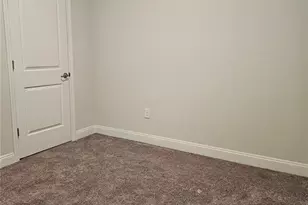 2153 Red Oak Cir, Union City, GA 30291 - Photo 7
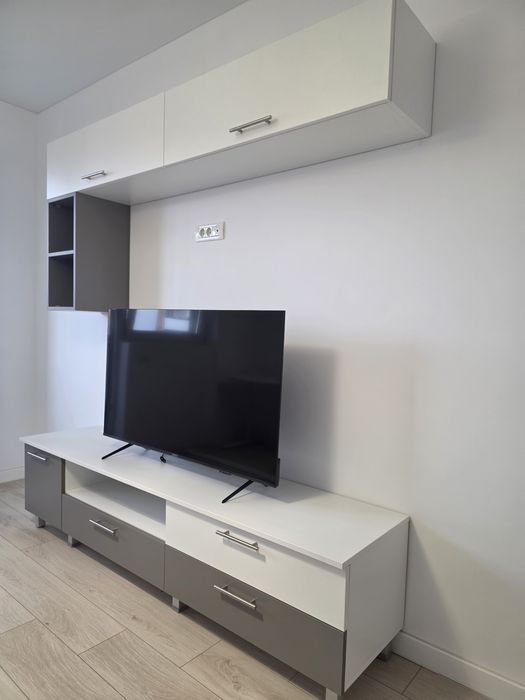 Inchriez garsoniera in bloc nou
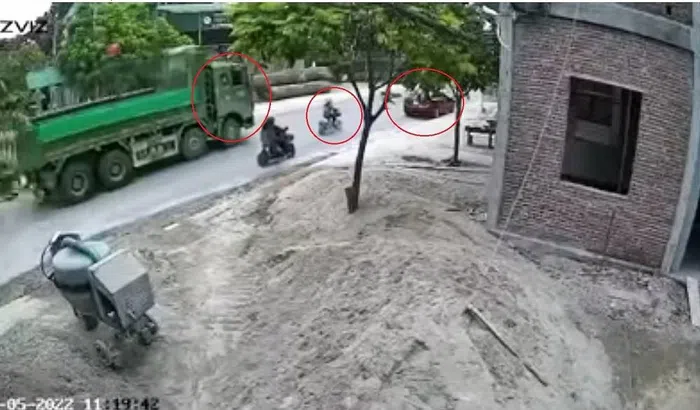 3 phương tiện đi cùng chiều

-*-

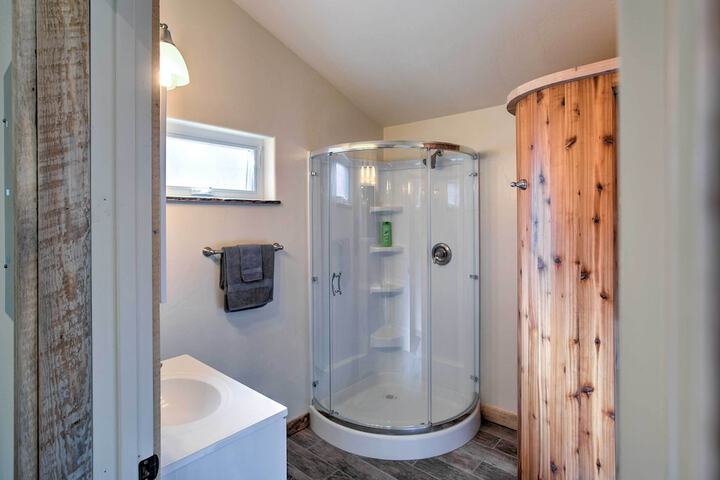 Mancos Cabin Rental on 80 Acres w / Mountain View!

-*-

WHAT IS BEING ASKED: For the material above, give again only the lines starting at the line that contains "2153 Red Oak" and ending at the line that contains "3 phương tiện đi cùng chiều". Pictures do not belong in the copy.

OUTPUT OF THE EXERCISE:
 2153 Red Oak Cir, Union City, GA 30291 - Photo 7
 Inchriez garsoniera in bloc nou
 3 phương tiện đi cùng chiều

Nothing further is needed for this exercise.